Çoğuldizge Kuramı ve DTS ile bağlantılı olarak çalışmalarını betimleyici çeviri araştırmaları ışığında sürdüren bu grup, çevirileri betimleyecek yeni bir metodoloji üzerinde çalışmıştır. José Lambert ve Hendrik van Gorp’un sunduğu çalışma, kaynak dizge ile erek dizge arasında karşılaştırmalı bir çözümleme yapmaktadır. Bir dizgenin yazarı, metni, okuyucusu ve yazınsal normları diğer dizgenin yazarı, metni, okuyucusu ve yazınsal normları ile karşılaştırmaktadır. Bunun haricinde Lambert ve van Gorp, yazar ve çevirmenin amaçlarının, kaynak ve erek dizgedeki alımlamanın, farklı yazınsal dizgelerin ve hatta sosyolojik etkilerin de incelenmesi gerektiğini vurgulamışlardır (Gentzler 2001; 132; Munday, 2001; 120-121) .

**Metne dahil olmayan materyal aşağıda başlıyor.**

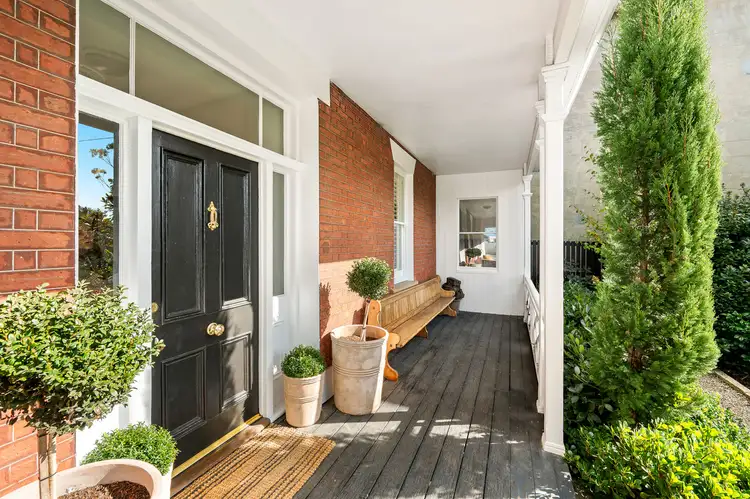 Second view of Homely house listing, 4 Molle Street, Hobart TAS 7000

1985-1996 yılları arasında Almanya’nın Göttingen Üniversitesi’nde “Die Literarische Übersetzung” adında bir araştırma projesini tamamlayan bir başka grup ise Göttinger Beiträge zur Internationalen Übersetzungsforschung serisinde bu projenin bulgularını yayımlamıştır. Amerikalı yazarların Almanca’ya yapılan çevirileri incelenerek çevirinin bir ülkenin yazınsal yaşamına kattığı zenginliklerin vurgulandığı bu projede yaklaşım, Çoğuldizge Kuramı’nda olduğu gibi sadece

erek odaklı değil, aynı zamanda aktarım odaklıdır. Göttingen Üniversitesi’nin

araştırma grubu çeviriyi dilsel, yazınsal ve kültürel sınırları aşan bir eylem olarak ele almış ve kaynak ve erek tarafları, bunlar arasındaki farklılıkları ve özellikle de çevirmeni dikkate almasıyla DTS’den daha kapsamlı bir çözümleme yöntemi sunmuştur (Berk, 2005; 89).

Bu proje içerisinde yapılan durum çalışmaları sonucunda çevirinin kültürel tarihi oluşturulmuş, çevirinin Alman yazının gelişimindeki katkısı ortaya konmuştur (Stolze, 2001; 158).